News and Information

Anthrax outbreak in Caprivi Region
September 17, 2004

TWO elephants have died of suspected anthrax in the Caprivi Region, the Director of Special Support Services in the Ministry of Environment and Tourism said yesterday.

Dr Pauline Lindeque said the report of the animal deaths followed confirmed reports of an anthrax outbreak in the Chobe National Park in Botswana, which borders the Caprivi.

Anthrax was also recently reported in Zimbabwe, were hundreds of animals are said to have succumbed to the disease.

Lindeque said some of her Ministry's officials at Etosha National Park had joined their colleagues in the Caprivi to probe the deaths of the two elephants.
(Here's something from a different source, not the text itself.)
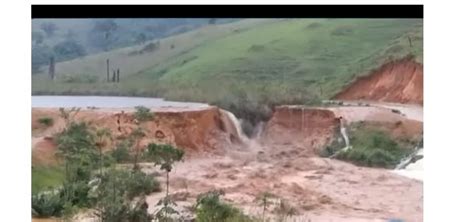 Rompimento De Barragens Provoca Inunda O Destr I Casas E Deixa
The Director of Parks and Wildlife Management, Ben Beytell, told journalists in Windhoek yesterday there was no need to panic at this stage and that no reports of cattle infection had been received.

The Ministry has called on the public to report any unexplained animal deaths to the nearest State Veterinarian or to the nearest offices of the Ministry, as this will help the Ministry assess the situation and take necessary control measures.

Anthrax is generally of an acute form in wildlife, with animals showing few symptoms before abruptly collapsing and dying.

Blood discharge from the mouth, nostril and anus is characteristic of anthrax deaths.

The Ministry of Environment and Tourism has appealed to Caprivi residents not to eat meat from animals which have died under mysterious circumstances.